Tissues detect hormones through the presence of specific receptors for that chemical on/in the cells. No receptor = no response.
Describe neural communication.
Neurotransmitters released from presynaptic neurons travel across the synaptic cleft to the postsynaptic cell to influence its activity.
Describe how endocrine and neural communication contrast one another.
Neurotransmitter is the chemical released by the neuron and acts locally within the synaptic cleft.
In contrast, hormones released by endocrine cells act distally.
Why do the endocrine and neural communication cooperate?
The endocrine and nervous systems co-operate intimately to provide further control, particularly for long-term phenomena, e.g. growth.
Describe neuroendocrine communication.
The endocrine and nervous systems combine. Nerves release hormones, which enter blood and travel to their target cells e.g. hypothalamic – posterior pituitary axis.
How is the response to a hormone highly specific?
Although all hormones circulate throughout the body in the blood, the response to any one hormone is highly specific because only target cells have receptors for the hormone.
What is the function of hormones (and neurotransmitters)?
The function of hormones (and NTs) is to bring about changes in the activity of their target cells and tissues (increase/decrease a particular activity).
In what systems is endocrine function involved?
Endocrine function is embedded in a number of physiological systems (reproductive, renal, gastrointestinal) as well as being a diffuse system of glands in it’s own right (thyroid gland, adrenal gland, pituitary gland, hypothalamus).
Is the endocrine system anatomically continuous?
No - the various glands form individual functional systems.
Describe the features of an endocrine hormone.
- Produced by a cell or group of cells
- Secreted from those cells into the blood
- Transported via the blood to distant targets
- Exert their effects at very low concentrations (act in the range 10^-9 -10^12 M)
- Act by binding to receptors on target tissues
- Have their action terminated, often via negative feedback loops
Describe the synthesis of a peptide hormone (and give examples).
The initial peptide hormone produced by ribosomes is large and inactive (preprohormone). Preprohormones contain one or more copies of the active hormone in their amino acid sequence.

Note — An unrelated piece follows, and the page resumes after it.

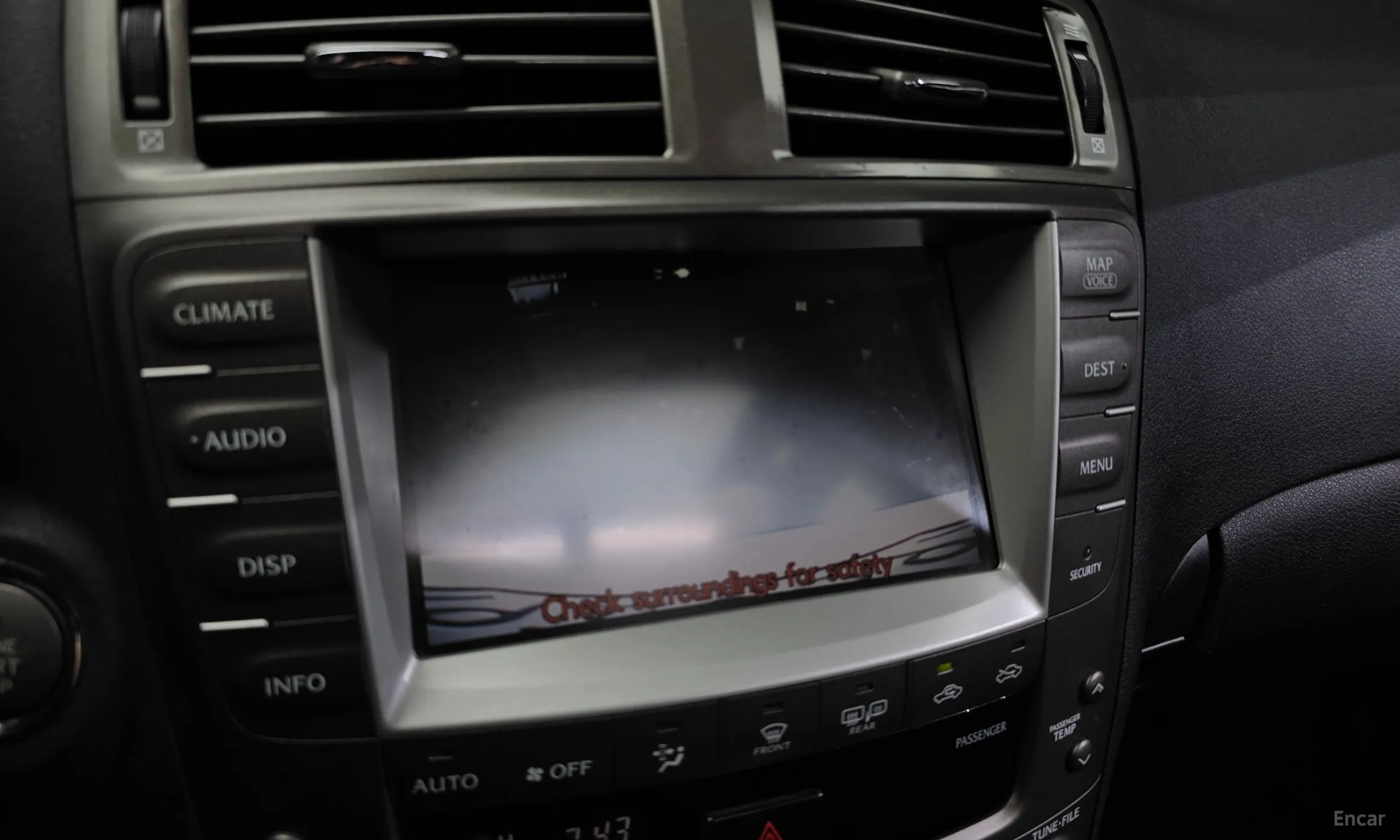 Lexus IS250 превью 14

Preprohormones are cleaved into smaller units in the endoplasmic reticulum to leave smaller but still inactive proteins called prohormones.
Prohormones are packaged into vesicles in the golgi apparatus, along with proteolytic enzymes, which break the prohormone down into active hormone and other fragments.

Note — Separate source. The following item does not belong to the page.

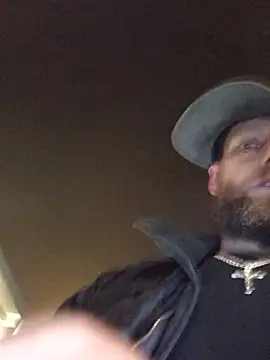 Snapshot of Kw8585kw chatting on 12-21-25, 12:40 Kw8585kw online show from 12-21-25, 12:40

Hormones and fragments are stored in vesicles in the endocrine cells until release is triggered then all vesicle contents are released into plasma (co-secretion).
e.g. TRH, FSH, insulin.
Describe the clinical use of C-peptide in diabetes.
C-peptide is the inactive fragment cleaved from the insulin prohormone. Levels of C-peptide in plasma or urine are often measured to indicate endogenous insulin production from the pancreas (produced in equal amounts). However, because insulin is metabolised faster, levels of C-peptide are typically about 5x higher than endogenous insulin.

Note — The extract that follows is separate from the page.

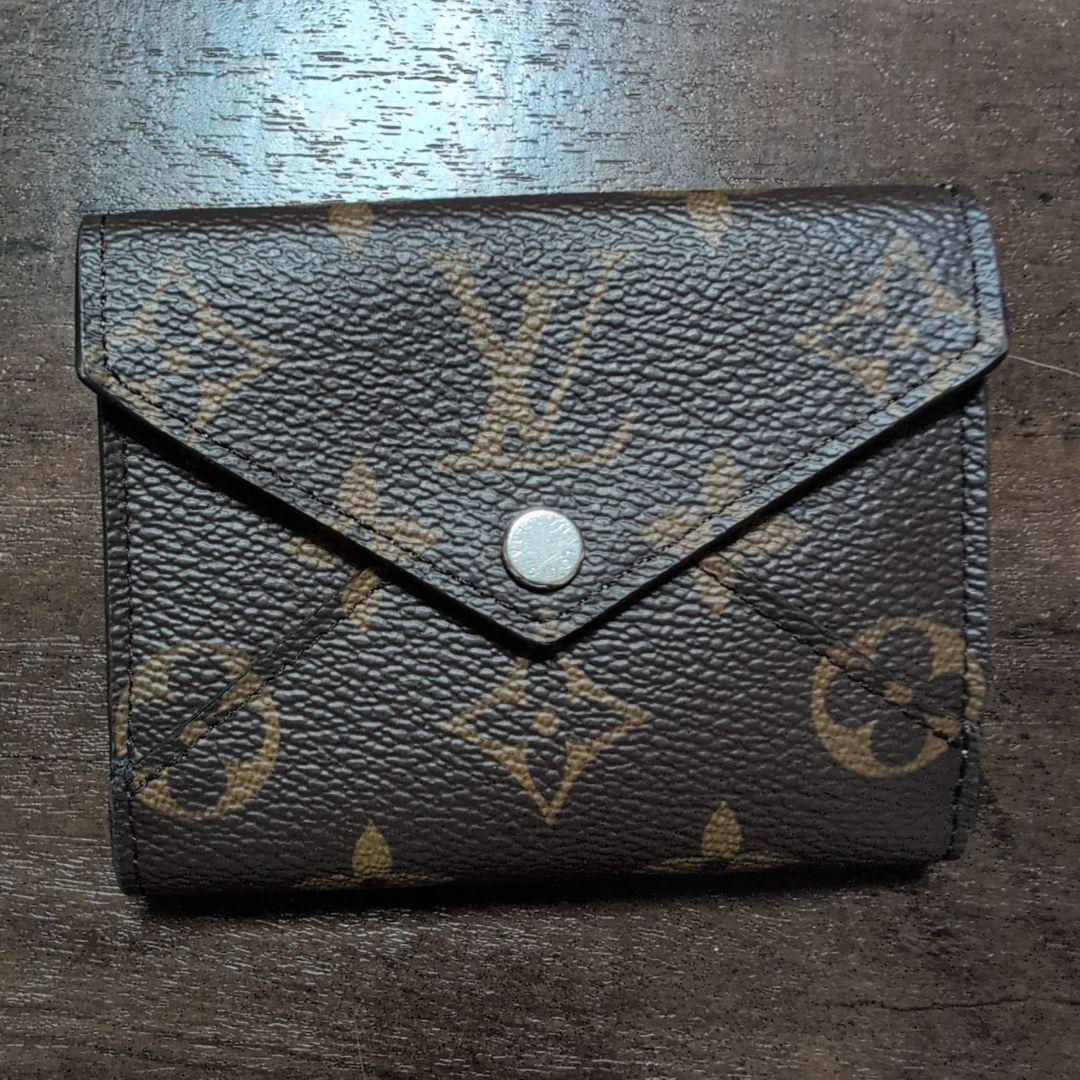 ルイヴィトン ポルトフォイユセレスト モノグラム 三つ折り財布 希少カラーブルー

Describe the mechanism of action of peptide hormones.
Water soluble so dissolve easily in plasma making transport via the blood simple and easy. However, water solubility means they cannot cross cell membrane so they must bind to membrane bound receptors on the target cell.
Once bound, these receptors generally create relatively fast biological responses (seconds to minutes). Most peptide hormones work via modulating either the GPCR or tyrosine kinase linked signalling pathways. These pathways phosphorylate existing proteins in the cell and modify their function e.g. open or close ion channels, activate or inactivate enzymes.
State the two receptors through which peptide hormone is transducted.
G protein-coupled receptor - activates 2nd messenger system and/or ion channels leading to modification of existing proteins. Rapid response.
OR
Tyrosine kinase linked receptor: alters gene expression*. Slower, longer lasting activity.
*2nd messengers may also alter gene expression.